Estaba en esa tienda enorme de ropa, un sábado de invierno en Madrid. Hacía frío fuera, pero dentro el aire estaba cargado de ese olor a tela nueva, a perfume barato. Miraba vestidos, faldas cortas que me ponían cachonda solo de imaginarme con ellas. De repente, lo vi. Un tío de unos cincuenta, moreno, con esa pinta de hombre normal pero con ojos que te desnudan. Nuestras miradas se cruzaron tres veces entre los percheros. Sonrisas rápidas, un roce accidental al pasar. Mi corazón empezó a latir fuerte. ¿Sería? Él también buscaba, pero me seguía con la vista.

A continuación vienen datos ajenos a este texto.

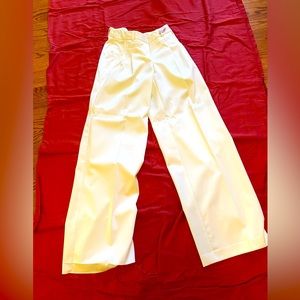 White side leg pants
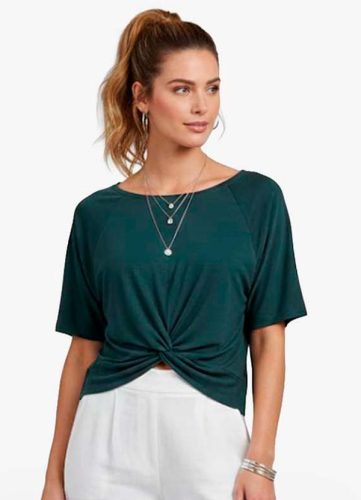 Blusa Feminina Lisa Verde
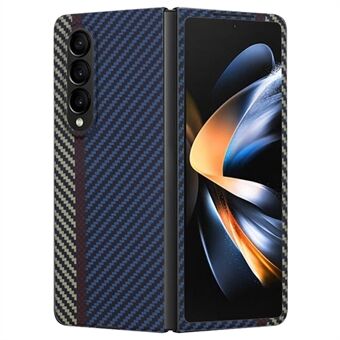 Voor de Samsung Galaxy Z Fold4 5G Case met 3-kleurig ontwerp en een hoesje van aramidevezel met uitsparingen voor grote lenzen.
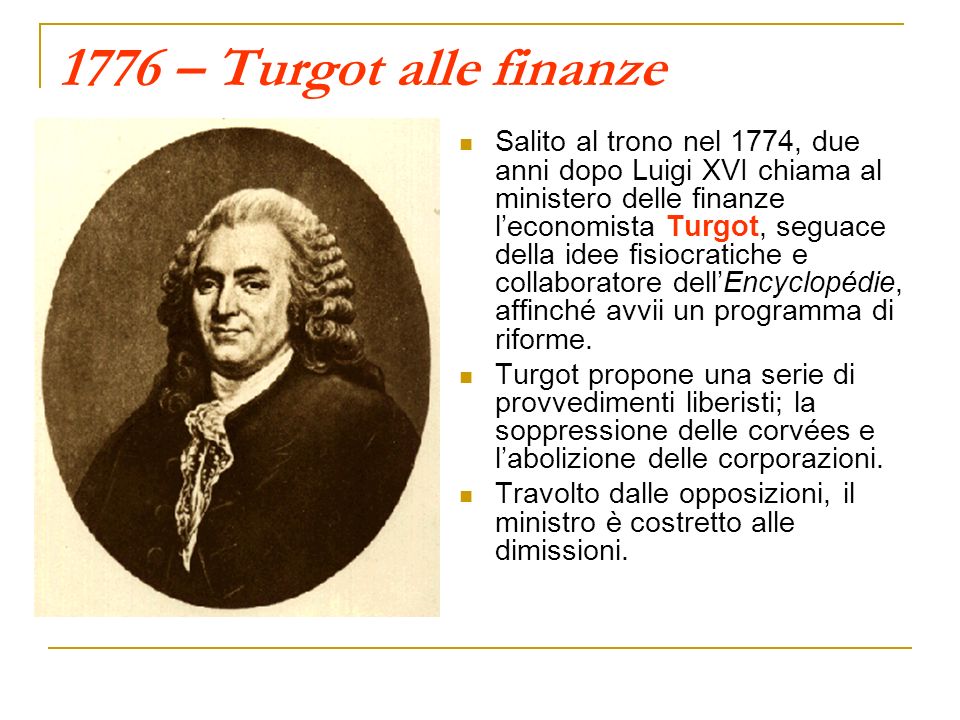 1776 – Turgot alle finanze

Agarré un par de blusas y una falda ajustada. ‘Voy a probármelas’, le dije bajito, pasando cerca. Él sonrió, cogió una camisa y dijo: ‘Yo también, ¿grande esta cabina?’. Nos miramos. Entramos juntos en la más apartada, al fondo. El rideau se cerró con un siseo. El espacio era estrecho, espejos por todos lados. Oía voces de clientas fuera, tintineo de cintres. Mi piel se erizó. Él respiraba cerca, su aliento caliente en mi cuello. ‘Qué guapa eres’, murmuró, rozando mi cintura. Yo me quité la chaqueta, el jersey. La blusa nueva era suave, sedosa contra mis pezones duros. Él se acercó más, su cuerpo contra el mío en el espejo. Vi su paquete creciendo en los pantalones. ‘Shhh, no hagas ruido’, susurré, pero ya metía la mano ahí, apretando esa polla que se ponía tiesa.
El flirteo y la entrada en la cabina
No aguantamos. Me bajó la falda de un tirón, mis bragas al suelo. Frío del espejo en mi espalda desnuda cuando me apoyé. Él se desabrochó, sacó esa verga gruesa, venosa, ya goteando. ‘Joder, qué rica’, gruñó bajito. Yo me mordí el labio, agachándome un poco. La mamé rápido, chupando el capullo salado, lengua alrededor. Él jadeaba, mano en mi pelo, pero controlado: ‘Cuidado, nos oyen’. Afuera, una voz: ‘¿Te queda bien esa?’. Yo gemí suave, tragándomela hasta la garganta. Textura dura, pulsando. Me levantó, me giró contra el espejo. Vi mi coño mojado reflejado, hinchado. Escupió en la mano, me untó. ‘Te voy a follar aquí mismo’, susurró ronco.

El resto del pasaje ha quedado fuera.